On Jul 14, 2008, at 11:32 AM, Byron Campen wrote:
On Jul 13, 2008, at 12:49 PM, Hadriel Kaplan wrote:
But for a lot of cases they're not modifying To/From for that
reason - they're modifying it to either "fix" them for specific
interop reasons, or to hide topology (ie, when it contains IP
Addresses or hostnames). Those are the cases I'm trying to get
the information through.
DY> Just to add to what Hadriel said, one of the additional
arguments *for* an SBC that I've had given to me by different
vendors at various shows is that they can "normalize" SIP and make
SIP interoperability actually work between different vendors. The
SBC understands how exactly Vendor X speaks SIP and how exactly
Vendor Y speaks SIP and can then enable the interconnection/
interoperability. So the reality is that there are SBCs out there
that view as part of their function to "fix" SIP so that it can be
interoperable. In doing this "fixing", one can expect that the
SBCs would be changing headers.
I would say I don't know whether I should laugh or cry, but
laughter is obviously much more fun. Seriously; how ridiculous do
things need to get before we can no longer keep a straight face? (I
gave up a while ago)
You're right, it's a Really Big Mess.
There are several mistakes we've made again and again that got us
where we are:
1) Writing specifications dramatically ahead of implementation
experience.
2) Hacking up bits of our core protocol model to appease the adherents
of strict interworking with legacy phone systems, and accepting broken
requirements from the same.
3) Using MUST to describe "does" in explicative text, thereby
preventing RFC 2119 language from being useful in tabular comparison
of implementations to the specification or to other implementations.
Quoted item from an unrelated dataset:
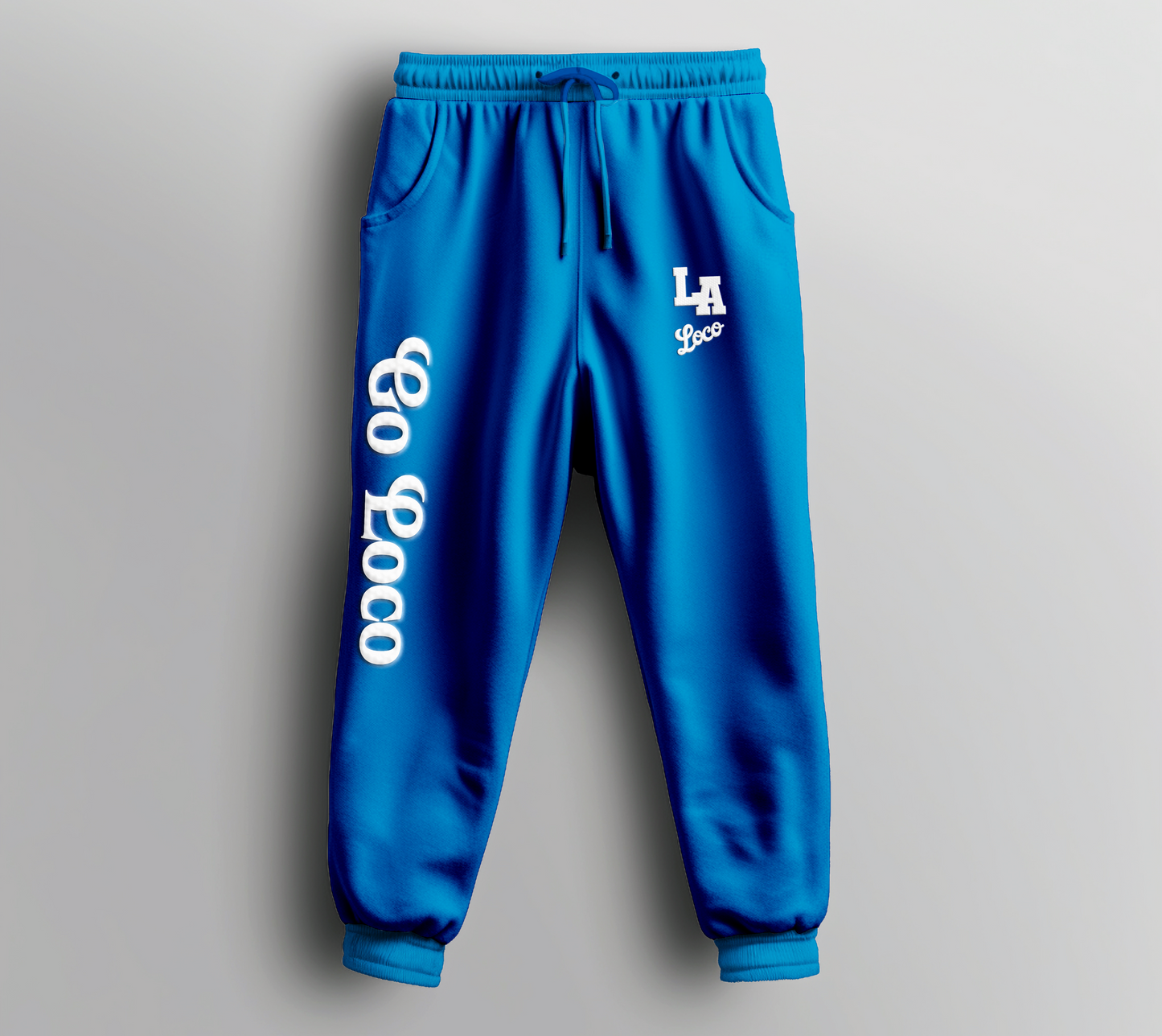 Go Loco x LA - Premium Sweatpants - "LA Loco"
4) Multiple ways of doing things, including a P-header appeasement
thing vs a "standard" solution.
5) Failure to deprecate the specifications and pieces of specs that
either don't work or don't get used.
6) Demanding "perfect" security in the specification, when we know
quite well that nobody will implement the security features,
especially if they're hard to build or operate.
6) Refusal to deprecate a whole lot of cruft and revise the version
number of the protocol. Trying to negotiate backward compatibility for
every design mistake we ever made is a nightmare. Let's at least find
a way to make this a bounded problem.
6) Listening to me when I'm wrong.
6) Not listening to me when I'm right.
7) Trying to count our mistakes on our fingers while we're busy typing.